[EXERCISE INPUT]

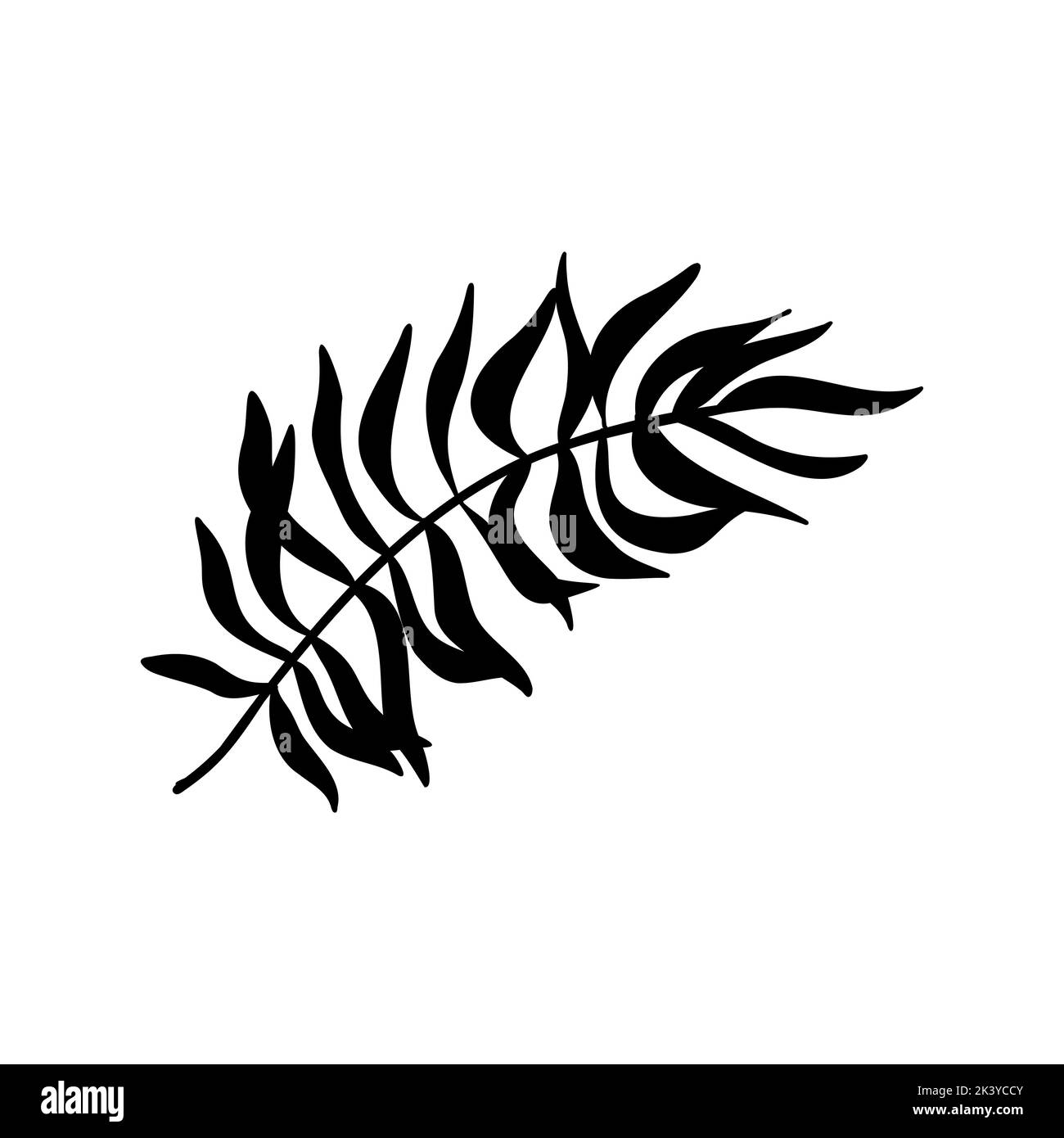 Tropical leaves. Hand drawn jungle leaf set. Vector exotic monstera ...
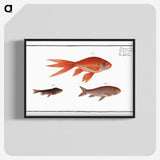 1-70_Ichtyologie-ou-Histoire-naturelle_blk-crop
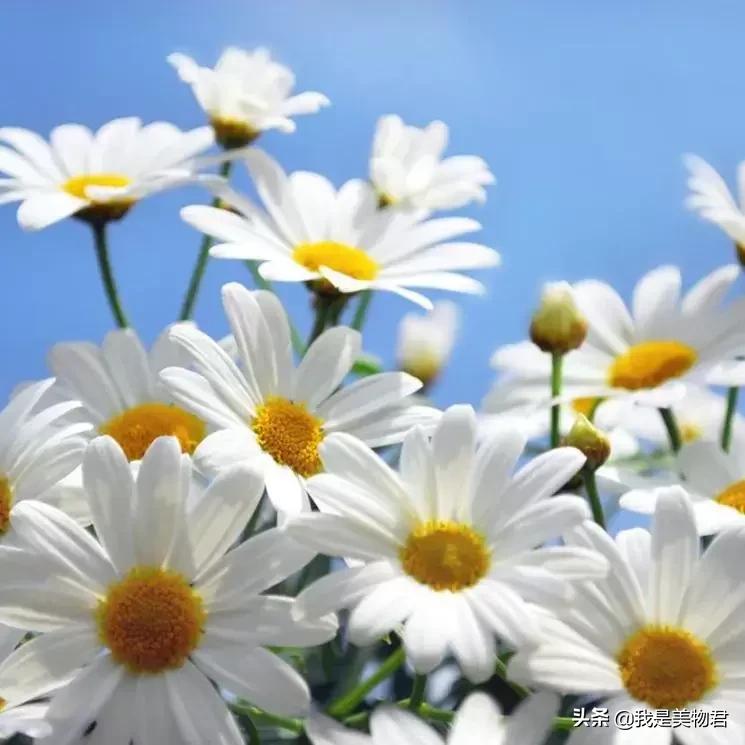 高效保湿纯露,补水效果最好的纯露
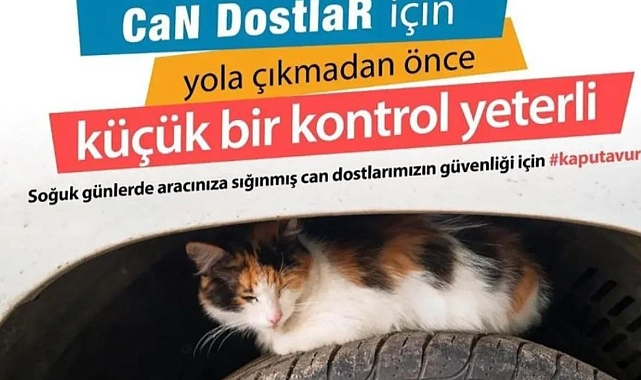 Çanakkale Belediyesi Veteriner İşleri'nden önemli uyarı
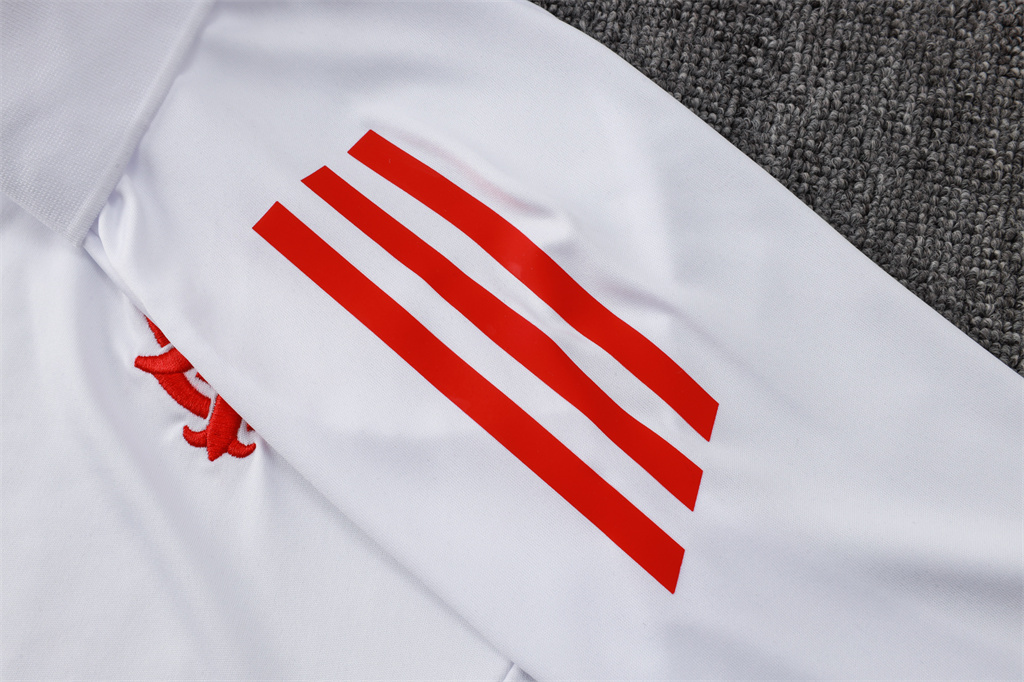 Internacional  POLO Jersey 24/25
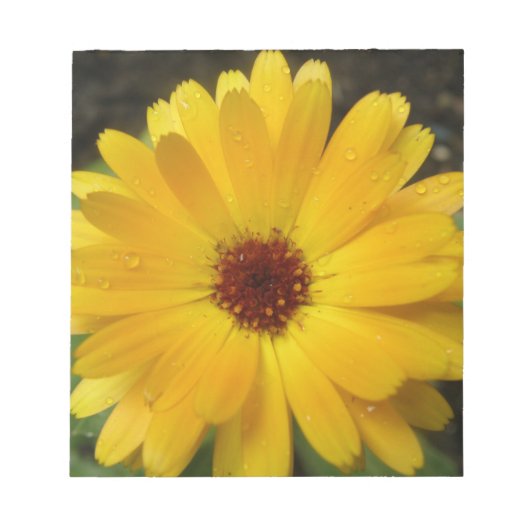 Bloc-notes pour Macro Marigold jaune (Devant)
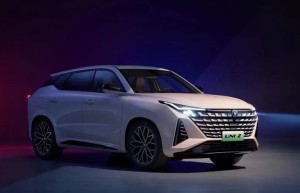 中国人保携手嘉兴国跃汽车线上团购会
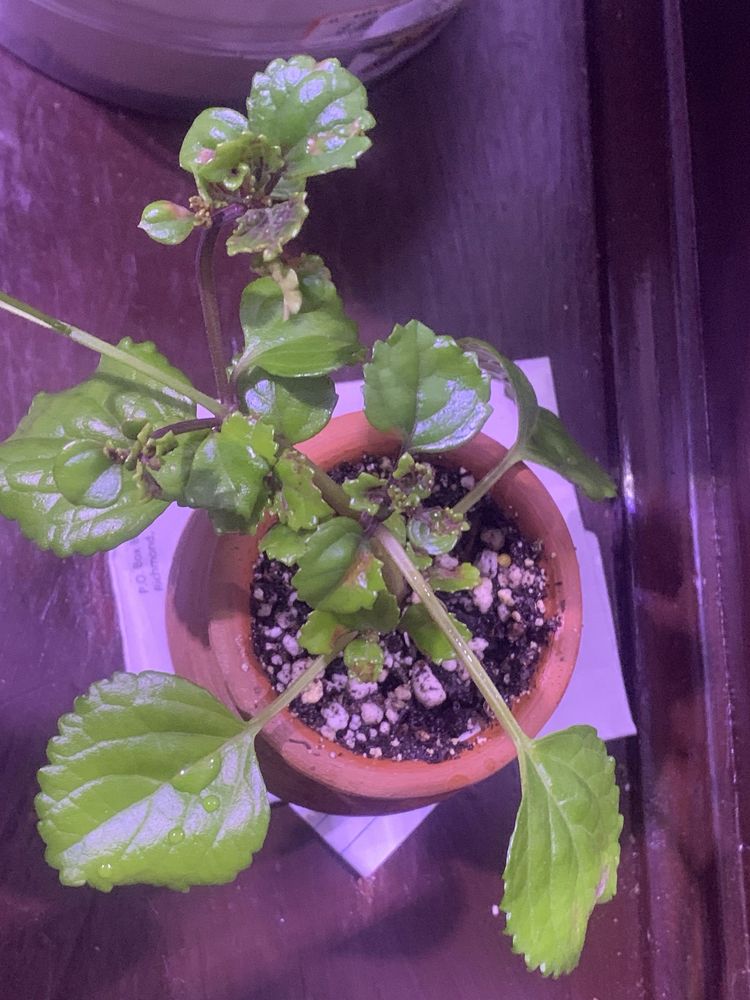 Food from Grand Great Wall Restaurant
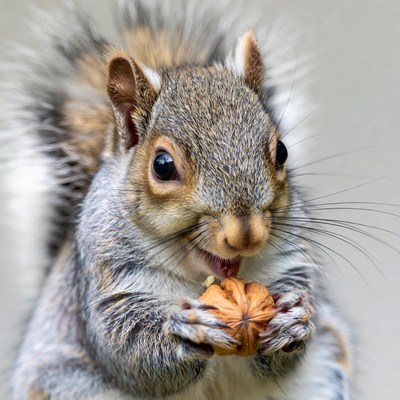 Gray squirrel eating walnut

[/EXERCISE INPUT]

**YOUR INSTRUCTIONS:** Please output, exactly and with no pictures, only the lines from the one containing "中国人保携手嘉兴国跃汽车线上团购会" through the final line of the records above.

**OUTPUT BELOW:**
 中国人保携手嘉兴国跃汽车线上团购会
 Food from Grand Great Wall Restaurant
 Gray squirrel eating walnut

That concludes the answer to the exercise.